Exploring the interactions between serum free fatty acids and fecal microbiota in obesity through a machine learning algorithm.
Journal:
Food research international (Ottawa, Ont.)
PMID:
31108778
Abstract
Serum free fatty acids (FFA) are generally elevated in obesity. The gut microbiota is involved in the host energy metabolism through the regulation of body fat storage, and a link between diet, FFA and the intestinal microbiota seems to exist. Our aim was to explore the interaction among serum FFA levels, gut microbiota, diet and obesity through a model regression tree in 66 subjects (age 52.7 ± 11.2 y) classified according to Body Mass Index (BMI). Total and individual FFA were analyzed by colorimetric enzymatic assay and methyl-tert-butylether-based extraction protocol (MTBE), respectively. Microbiota was determined by qPCR and diet through a food frequency questionnaire. Statistical analyses were performed, and predictive factors for obesity were obtained via classification by decision trees using machine learning methods. An obese-linked FFA profile was characterized by decreased eicosapentaenoic (EPA) and increased linoleic, gamma-linolenic and palmitic acids levels simultaneously. Serum EPA and gender were identified as the most significant variables with 100% and 80% of importance, respectively.

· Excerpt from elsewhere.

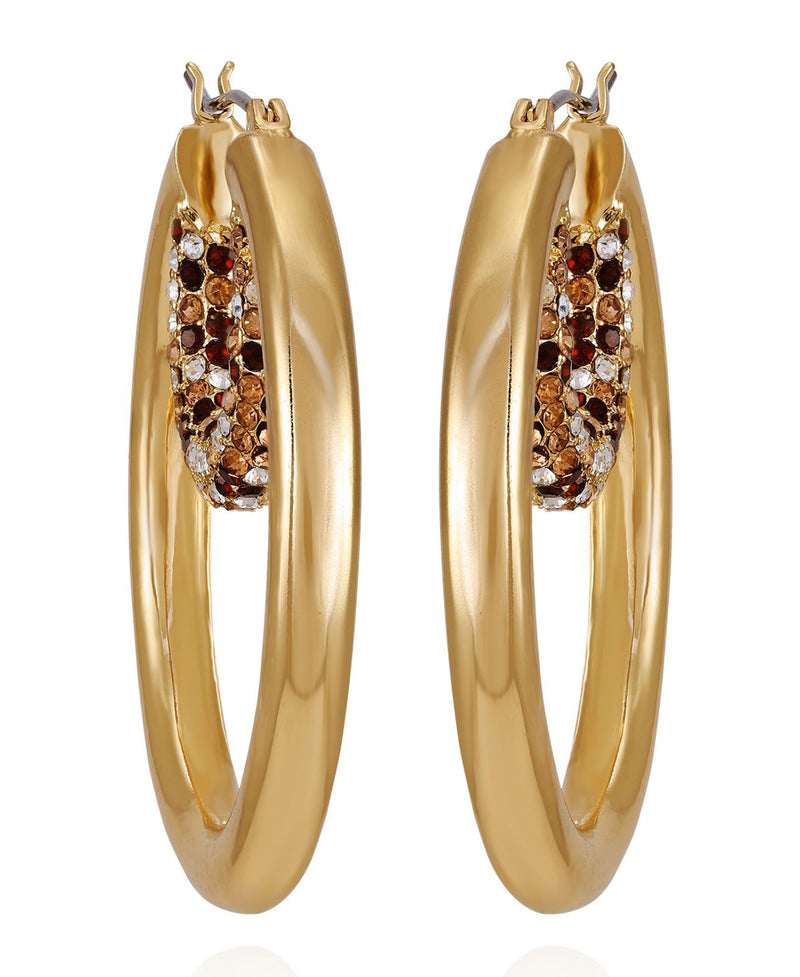 Goldtone Pave Crystal Stone Layered Hoop Earrings - Gold Tone - Vince Camuto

Palmitic acid, Bifidobacterium and Faecalibacterium explained >30%, followed by Bacteroides group with 20% and docosahexaenoic acid (DHA) almost with 15% of importance. Also, the regression tree model obtained for predicting obesity, showed a non-obese-linked profile, independently of gender, with serum EPA > 0.235 μg/mL and Bacteroides > 9.055 log n° cells per g of feces. Moreover, Faecalibacterium and Bifidobacterium seemed to play an important role by complementing the levels of FFA in predicting obesity in males and females, respectively.